The Future of Multilingual Web Publishing

How is XML going to make things easier for you? Well, let's imagine that you have a collection of documents that describe a particular subject, in a variety of different languages, and that you want to publish these documents on your Web site. If your documents are marked up using XML, you can think of this collection as a kind of database, with each set of XML tags identifying a different "field" of data. The difference with the real database is that your data fields are organized into separate documents, rather than rows and columns in a table. Now, with an XML-aware search engine, you could perform complex searches on your document collection so as to retrieve, for example, all documents that contained your search text in their abstract, but only if the document is written in French or Japanese, As a result of your search, you could choose to generate a new document that contained versions of the original text in each of the selected languages. You could then choose to hide text in one language, or by applying a different style sheet, display text in both languages side-by-side, or paragraph by paragraph. Thanks to http1.1 (the latest version of the hypertext transfer protocol that is used for sending and receiving information over the Web), it is now possible for a browser to automatically select the appropriate language version of a document to deliver, if available, based on a user's preferences. In case a document search is unsuccessful, the server can send a list of alternative choices. Even if a search is successful, the server can send a list of related documents to tell the user about the existence of alternative versions.

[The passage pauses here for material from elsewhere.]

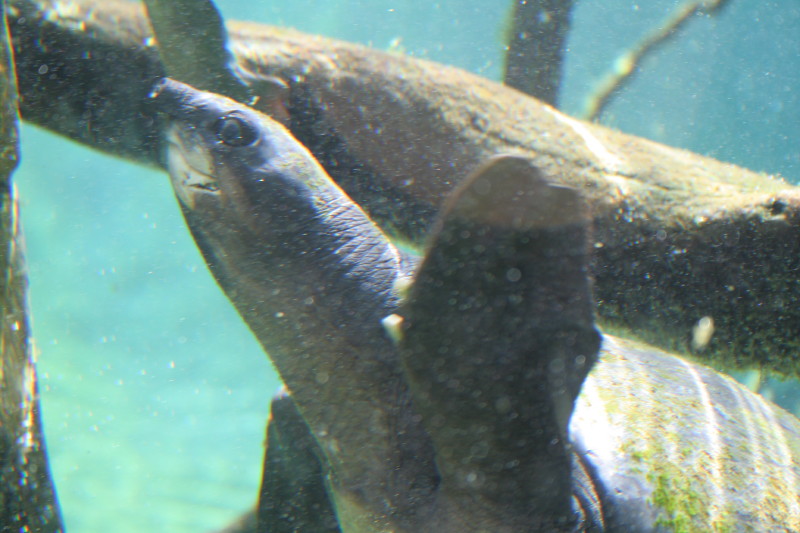 IMG_9033.JPG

One application that is of particular interest to language professionals is OpenTag. The OpenTag format is a markup format based on XML that can be used to encode text extracted from documents in various formats. Rather than converting information from "format X" into OpenTag format, OpenTag is designed so that data can be extracted from "format X," manipulated in an OpenTag environment, and later merged back into the "format X" file. As explained in the OpenTag website (www.opentag.org), if your translation memory databases are stored in OpenTag format, they can become tool and supplier independent. This makes it possible to share these assets among multiple translation service suppliers, who needn't be using the same suite of localization tools. A translation customer would have the enormous benefit of being able to export a document to translate from its native format (by selecting a "Prepare for Translation..." item from a menu, for example) into a file that is directly compatible with the localization process and translation tools to be used. The result of the translation could then easily returned to the customer in the document's native format, or published directly in HTML, after a straightforward conversion process.